In the following code, I think p2 should print 10. But in fact it prints random value. The I starts to understand why it is not 10, with the following (1)-(3) thougths.

{
    int m = 10; // local var m
    qDebug() << "m0: " << &m;
    connect(btn2, &QPushButton::clicked, this, [&]() { qDebug() << "m2: " << &m; qDebug() << "p2 " << m; m = 20; qDebug() << "p22 " << m; }); // captured var m
} 

output:

m0:  0x8ff8ac
p0  10
m2:  0x8ff8ac
p2  11974204
p22  20
m2:  0x8ff8ac
p2  20
p22  20

(1). The first time lambda is called, its captured var m has random value.

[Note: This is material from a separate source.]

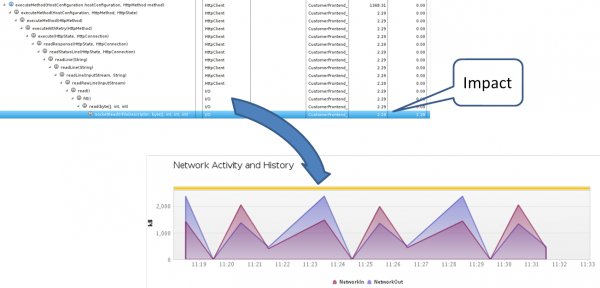 Network Impact on Transaction is minimal, even though network utilization is high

I think this may because local var m is a local variable, and it is on stack memory, which is released after }, and it is random thereafter.

(2). After captured m is assigned 20 inside lambda, when it is called a second time, m remains 20. Which is against what I think in (1), because when quits lambda function, m memory should be released, and thereafter random value again.

(3).[&] enables lambda to access memory that is released, isn’t it dangerous?

Based on my above thoughts, my question would be why captured m is not 10 (what p2 prints)? why a released memory could be accessed and modified, isn’t it dangerous? why a second visit of lambda, m is not random?

>Solution :

Because you capture it by reference.

Once the function ends, so does the life-time of all its local variables. The local variables cease to exist. Any reference or pointer to them will become invalid. Using such references or dereferencing such pointers will lead to undefined behavior.

The life-time of all variables captured by reference must be at least as long as the life-time of the lambda itself.